Before I go too deep into this topic, let me share a little bit about myself. I am a Sr. Cloud Architect with over 14 years of experience in data engineering. Early in my career, I was an ETL Developer, but quickly became fascinated with data engineering. My cloud journey started with Google Cloud Platform in 2017 and there was no turning back since.
So let me be blunt, if you are an UX UI developer or a system/database administrator or an application developer and want to become a data engineer in a brief period say 100 days, aint gonna happen! This post is specifically for folks who have exposure to Data/ETL/ELT/ESB platforms on legacy applications and are eager to move to cloud. I see many candidates clearing a bunch of cloud certifications and call themselves data engineers. However, data is one of the most complex pieces of any organization. Let’s say you are parsing a STRING “Hello World!” There are many questions you need to answer to parse the string correctly.
- Is it in EBCIDIC, ASCII or UNICODE format?
- If it’s Unicode, what type of Unicode is it, UTF-8?
- Is it big-endian or little-endian format?
- Where is the string source from? DOS or UNIX System or MAINFRAME?
- If it’s source from a file, what is it’s RFC standard?
Most important thing is that you should know to ask these questions. These are not taught to you in any data engineering course. We learn it from experience and even then, many seasoned data engineers are not exposed to such complex scenarios. I am not discouraging folks with non-data engineering background from becoming a cloud data engineer, instead you might need more than 100 days, maybe a few years to get there.
With that context let’s jump right in. Before we talk about Cloud Data Engineering, lets understand Cloud Architecture.
Cloud architecture is one of those buzz words we often hear these days. Cloud architect is really a systems architect who identifies the right infrastructure for an application. But the difference ends there, imagine owning a car vs riding on an uber?
You put the capital on that car, pay the loan over the years, pay for maintenance, store it in a garage and so on. On the other hand, you click a few buttons and boom you have a car waiting for you. You don’t own a car or pay for its maintenance. Uber is not cheap, it’s more expensive than owning a car eventually. And so is Cloud! If that’s the case, why do companies move to the cloud? Just like Uber, cloud provides some unique opportunity
- To use resources only when needed.
- To save cost and time on maintenance. (Why should a retailer maintain a data center when they can focus on selling goods?)

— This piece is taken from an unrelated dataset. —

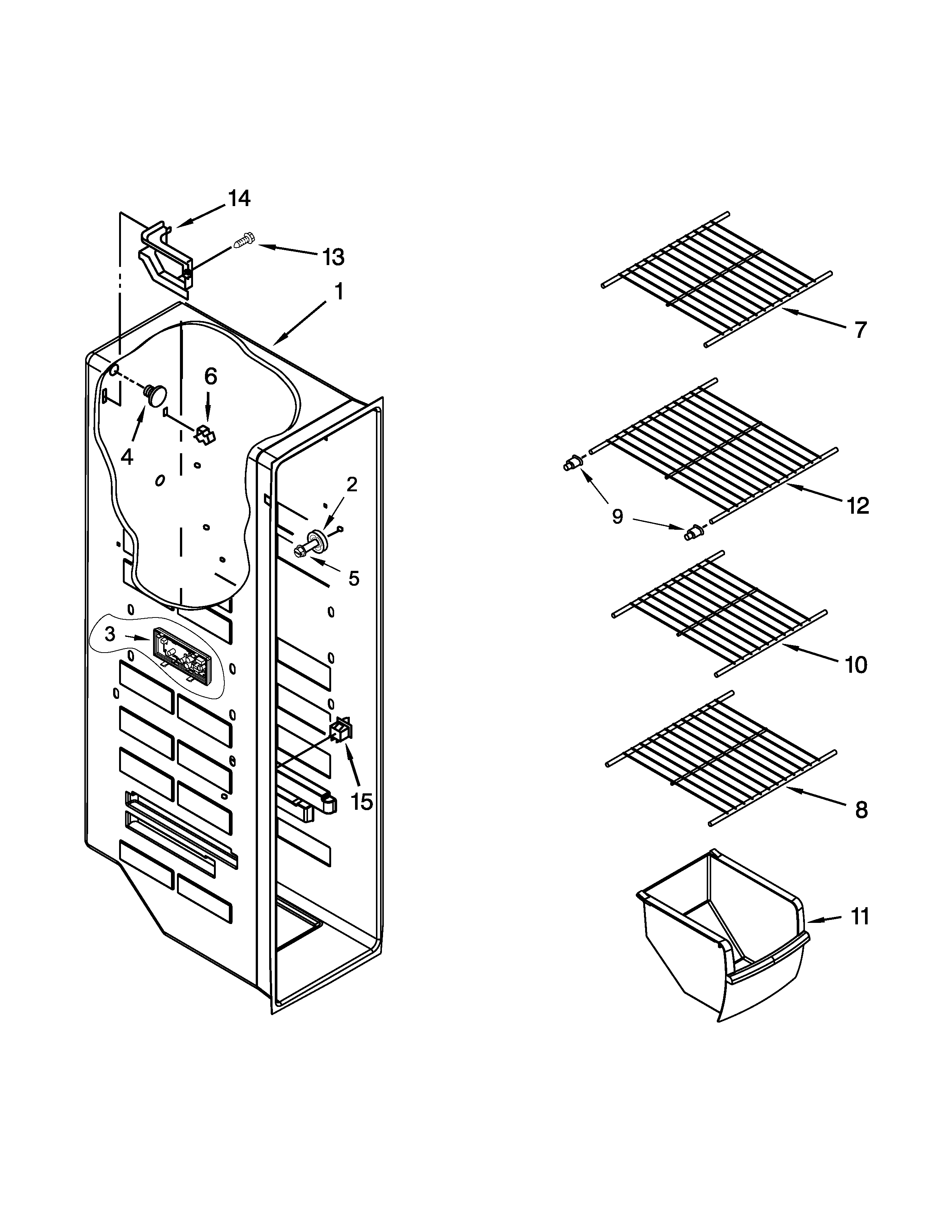 Whirlpool 5WRS25KNBW02 freezer liner parts diagram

- Leverage technology solutions that are already built. (Why reinvent the wheel?)
- Operational cost. (Save on taxes from Uncle Sam)

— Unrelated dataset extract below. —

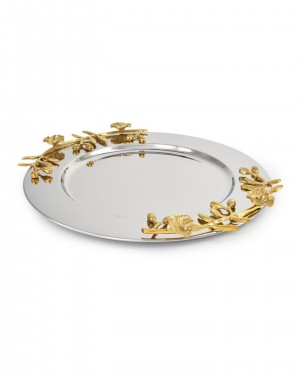 Serene Spaces Living Orchid Stem Round Tray, Measures 14 inches Diameter, Sold Individually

Perhaps, that’s a separate topic on its own, we shall focus on data engineering for now. IBM was a leader in data engineering (they are still a leader per Gartner, but I don’t believe in IBM anymore). They offered some powerful tools like IBM MQ, IBM Integration Bus, (IIB), IBM Information Server and more that can process massive data volumes. As data got complex, there was a need for more robust technologies that adapt to changing times. A centralized team building ETL, ELT or Message Integration flows will become a bottleneck for organizations. Not to mention the fact that IBM and similar companies failed to innovate in the changing landscape.
Why Cloud Data Engineering?
Let’s start with the why. The need for processing data on the cloud became a crucial part of business units because the scale of data needs to be stored and analyzed. The growth of Internet users from 1991 (2.8 Million) to 2019 ( 3.7 Trillion) has contributed to this significant rise in data volumes. Cloud platforms can provide a near infinite storage, something that even large organizations cannot afford. Compare it to renting a storage unit for $100 per month vs buying land, building a storage unit, and securing it for $300,000.
Another reason is data landscape is even more complex. Data is no longer just csv files, relation databases and queues.
So how do you move to cloud? Cloud is a mindset shift.
What is Cloud Data Engineering?
Often, we see role conflicts especially in the data space, analyst vs architect vs data scientists. Let’s clear that up. Some of the most common roles and responsibilities of a data engineer include:
- Developing, constructing data lakes, databases, and data structures.
- Aligning the data architecture with business requirements.
- Developing processes for Data ingestion (ELT).
- Testing, and maintaining the data.
- Identifying ways to improve data reliability, efficiency, and quality.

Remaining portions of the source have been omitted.